# Pandas Bokeh

**Pandas Bokeh** provides a [Bokeh](https://bokeh.pydata.org/en/latest/) plotting backend for [Pandas](https://pandas.pydata.org/), similar to the already existing [Visualization](https://pandas.pydata.org/pandas-docs/stable/visualization.html) feature of Pandas. Importing the library adds a complementary plotting method ***plot_bokeh()*** on **DataFrames** and **Series** (and also on **GeoDataFrames**).

With **Pandas Bokeh**, creating stunning, interactive, HTML-based visualization is as easy as calling:

In [None]:
df.plot_bokeh()

For more information have a look at the [Examples](#Examples) below or at  notebooks on the [Github Repository](TODO???) of this project.



In [1]:
import pandas as pd
import numpy as np
import pandas_bokeh
pandas_bokeh.output_notebook()

#Barplot:
data = {
    'fruits':
    ['Apples', 'Pears', 'Nectarines', 'Plums', 'Grapes', 'Strawberries'],
    '2015': [2, 1, 4, 3, 2, 4],
    '2016': [5, 3, 3, 2, 4, 6],
    '2017': [3, 2, 4, 4, 5, 3]
}
df = pd.DataFrame(data).set_index("fruits")
p_bar = df.plot_bokeh(
    kind="bar",
    ylabel="Price per Unit [€]",
    title="Fruit prices per Year",
    show_figure=False)

#Lineplot:
np.random.seed(42)
df = pd.DataFrame({
    "Google": np.random.randn(1000) + 0.2,
    "Apple": np.random.randn(1000) + 0.17
},
                  index=pd.date_range('1/1/2000', periods=1000))
df = df.cumsum()
df = df + 50
p_line = df.plot_bokeh(
    kind="line",
    title="Apple vs Google",
    xlabel="Date",
    ylabel="Stock price [$]",
    yticks=[0, 100, 200, 300, 400],
    ylim=(0, 400),
    colormap=["red", "blue"],
    show_figure=False)

#Scatterplot:
from sklearn.datasets import load_iris
iris = load_iris()
df = pd.DataFrame(iris["data"])
df.columns = iris["feature_names"]
df["species"] = iris["target"]
df["species"] = df["species"].map(dict(zip(range(3), iris["target_names"])))
p_scatter = df.plot_bokeh(
    kind="scatter",
    x="petal length (cm)",
    y="sepal width (cm)",
    category="species",
    title="Iris DataSet Visualization",
    show_figure=False)

#Histogram:
df_hist = pd.DataFrame({
    'a': np.random.randn(1000) + 1,
    'b': np.random.randn(1000),
    'c': np.random.randn(1000) - 1
},
                       columns=['a', 'b', 'c'])
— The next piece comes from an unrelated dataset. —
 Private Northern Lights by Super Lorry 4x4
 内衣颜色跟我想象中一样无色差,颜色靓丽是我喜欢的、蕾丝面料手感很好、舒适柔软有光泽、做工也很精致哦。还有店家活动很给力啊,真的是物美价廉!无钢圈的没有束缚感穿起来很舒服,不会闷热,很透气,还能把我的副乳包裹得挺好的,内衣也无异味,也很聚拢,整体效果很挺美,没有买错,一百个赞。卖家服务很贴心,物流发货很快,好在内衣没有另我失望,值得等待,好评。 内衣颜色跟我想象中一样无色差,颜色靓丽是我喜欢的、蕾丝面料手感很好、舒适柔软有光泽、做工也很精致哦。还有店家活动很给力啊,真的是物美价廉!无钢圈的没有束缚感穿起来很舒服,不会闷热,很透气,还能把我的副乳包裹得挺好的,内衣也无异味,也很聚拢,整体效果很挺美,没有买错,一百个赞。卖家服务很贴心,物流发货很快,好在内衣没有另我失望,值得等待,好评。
p_hist = df_hist.plot_bokeh(
    kind="hist",
    bins=np.arange(-6, 6.5, 0.5),
    vertical_xlabel=True,
    normed=100,
    hovertool=False,
    title="Normal distributions",
    show_figure=False)

#All plots together:
pandas_bokeh.plot_grid([[p_line, p_bar], [p_scatter, p_hist]], plot_width=450);

## Installation

You can install the Real Python Feed Reader from [PyPI](TODO):

    pip install pandas-bokeh

The reader is supported on Python 2.7, as well as Python 3.6 and above.

## How To Use

<p id="Basics"> </p>

### Basics 

The **Pandas-Bokeh** library should be loaded after **Pandas**. After the import, one should define the plotting output, which can be:

* **pandas_bokeh.output_notebook()**: Embeds the Plots in the cell outputs of the notebook. Ideal when working in Jupyter Notebooks.
* **pandas_bokeh.output_file(filename)**: Exports the plot to the provided filename as an HTML.

For more details about the plotting outputs, see the reference [here](#Layouts) or the [Bokeh documentation](https://bokeh.pydata.org/en/latest/docs/user_guide/quickstart.html#getting-started).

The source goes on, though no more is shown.